THE TASK
Return every record exactly. Omit nothing.

● ● ● ● ●

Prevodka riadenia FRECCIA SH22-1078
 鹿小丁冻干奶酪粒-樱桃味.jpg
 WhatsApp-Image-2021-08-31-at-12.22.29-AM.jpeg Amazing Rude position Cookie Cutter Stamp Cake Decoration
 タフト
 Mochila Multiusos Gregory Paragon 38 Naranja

● ● ● ● ●

WRITTEN ANSWER
Prevodka riadenia FRECCIA SH22-1078
 鹿小丁冻干奶酪粒-樱桃味.jpg
 WhatsApp-Image-2021-08-31-at-12.22.29-AM.jpeg Amazing Rude position Cookie Cutter Stamp Cake Decoration
 タフト
 Mochila Multiusos Gregory Paragon 38 Naranja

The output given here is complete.